Secondly, AI can minimise the quality of accessible information. For instance, misinformation can spread differently across different publics for various reasons. AI disrupts social interactions and social norms as AI elevates engagement, and engagement becomes a central currency in political discourse as a result. This unintentionally but foreseeably shapes how the political opinions of political allies and political adversaries are publicly perceived. For example, algorithms on social-media platforms typically popularise engaging opinions rather than representative opinions. As a result, representative opinions might appear less popular than they are, even if they are sincere and competent opinions. Similarly, when AI popularises engaging but unrepresentative opinions, unrepresentative opinions might appear more popular than they are, even if they are insincere or incompetent opinions. As a result, engaging but unrepresentative, insincere and incompetent opinions may be publicly perceived as more acceptable and representative than they are, while sincere and competent but less engaging opinions become marginalised.

Since the public must often make time-sensitive decisions with incomplete information, science communication through news outlets, social media, public figures, opinion leaders, journalists, podcasts and other channels can aim to inform the public of how to use new technologies responsibly and alert them to the risks of misuse. Fact-checking, such as that conducted by professional journalists, is one way to manage misinformation. Though relatively expensive when implemented at scale, this can be a powerful tool, particularly since human checkers can understand and evaluate the context and purposes for which a given piece of information was provided, and whether the intended interpretation of the given “facts” is reliable. More scalable but potentially less effective are forms of automated fact-checking such as AI-powered debunking tools. Debunking algorithms utilise generalisable, machine-readable, formalised forms of research to spot misinformation and swiftly correct it — an approach which is easily applied to vast regions of the internet, yet may be countered through misinformation tools programmed specifically to evade such checks. A concern common to both human-led and machine-led approaches is that fact-checking can be significantly slower than the spread of misinformation. One reason for this is that misinformation is often presented in ways that are more emotionally engaging than the facts.
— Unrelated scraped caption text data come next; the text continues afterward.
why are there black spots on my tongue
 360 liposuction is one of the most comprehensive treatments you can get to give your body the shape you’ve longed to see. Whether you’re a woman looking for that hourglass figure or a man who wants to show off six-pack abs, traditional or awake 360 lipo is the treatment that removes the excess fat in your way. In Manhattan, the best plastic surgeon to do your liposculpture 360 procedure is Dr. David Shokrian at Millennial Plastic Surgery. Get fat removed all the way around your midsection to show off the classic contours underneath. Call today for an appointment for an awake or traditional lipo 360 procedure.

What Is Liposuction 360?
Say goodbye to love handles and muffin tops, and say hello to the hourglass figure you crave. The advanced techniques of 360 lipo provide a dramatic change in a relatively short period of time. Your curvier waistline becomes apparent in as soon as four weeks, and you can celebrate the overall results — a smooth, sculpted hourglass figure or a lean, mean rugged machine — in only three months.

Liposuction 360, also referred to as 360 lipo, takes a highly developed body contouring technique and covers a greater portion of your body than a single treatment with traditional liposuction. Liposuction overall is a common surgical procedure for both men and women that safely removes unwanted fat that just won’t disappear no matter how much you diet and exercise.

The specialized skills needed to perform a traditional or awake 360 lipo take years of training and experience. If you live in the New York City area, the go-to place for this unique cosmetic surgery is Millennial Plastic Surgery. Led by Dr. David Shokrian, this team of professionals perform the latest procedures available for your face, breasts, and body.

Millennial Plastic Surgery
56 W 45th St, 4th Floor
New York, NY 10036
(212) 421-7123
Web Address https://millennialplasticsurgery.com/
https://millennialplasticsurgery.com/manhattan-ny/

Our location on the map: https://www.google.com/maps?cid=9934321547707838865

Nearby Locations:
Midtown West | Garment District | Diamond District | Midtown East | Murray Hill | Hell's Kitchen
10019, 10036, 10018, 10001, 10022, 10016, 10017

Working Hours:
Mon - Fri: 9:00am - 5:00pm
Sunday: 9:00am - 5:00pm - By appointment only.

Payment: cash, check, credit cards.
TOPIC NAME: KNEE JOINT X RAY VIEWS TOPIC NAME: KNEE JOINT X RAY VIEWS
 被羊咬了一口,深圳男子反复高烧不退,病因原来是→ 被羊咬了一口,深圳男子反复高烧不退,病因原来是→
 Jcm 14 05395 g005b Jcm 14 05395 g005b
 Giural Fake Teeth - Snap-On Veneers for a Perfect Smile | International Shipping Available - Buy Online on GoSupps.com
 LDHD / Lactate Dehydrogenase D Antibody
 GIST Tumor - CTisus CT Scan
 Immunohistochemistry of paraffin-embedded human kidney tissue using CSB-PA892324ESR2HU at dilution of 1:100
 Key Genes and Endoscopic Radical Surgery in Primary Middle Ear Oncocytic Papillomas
Another way to manage misinformation is evidence-following. It is tempting to think that politicians should follow the evidence. However, evidence is not facts. Evidence provides reasons to accept factual judgments. In practice, good evidence can still conflict and mislead. One reason for this is that evidence is situated: it is produced in a specific scientific and social setting to achieve specific scientific and social goals. So when the scientific and social goals change, the quality of the evidence can change. As a result, the facts are often uncertain in the time-sensitive circumstances of politics. A similar way to manage misinformation is expert-following. It is tempting to think that politicians should defer to the experts to tell them what evidence to follow. However, in practice, experts and other scientific authorities can disagree in and across disciplinary boundaries about the quality of the evidence for particular policy agendas. So the experts are often deeply disputed in the adversarial circumstances of politics.

As a complimentary approach, narrative-checking is a promising alternative way to manage misinformation. One reason why some types of misinformation gain popularity rather than others is that narratives structure the meaning of new information. So misinformation can take advantage of popular narratives among various publics, which attach distinctive meanings to some types of misinformation rather than others. As a result, narrative-checking adopts a situational approach towards misinformation and highlights the variety of ways in which meaning is attributed to data, given the specific scientific and social circumstances of various publics. A situational approach shows that transdisciplinary engagement is often critical for policy-makers to fully understand the causal roles that situational factors such as narratives can play in the spread of misinformation.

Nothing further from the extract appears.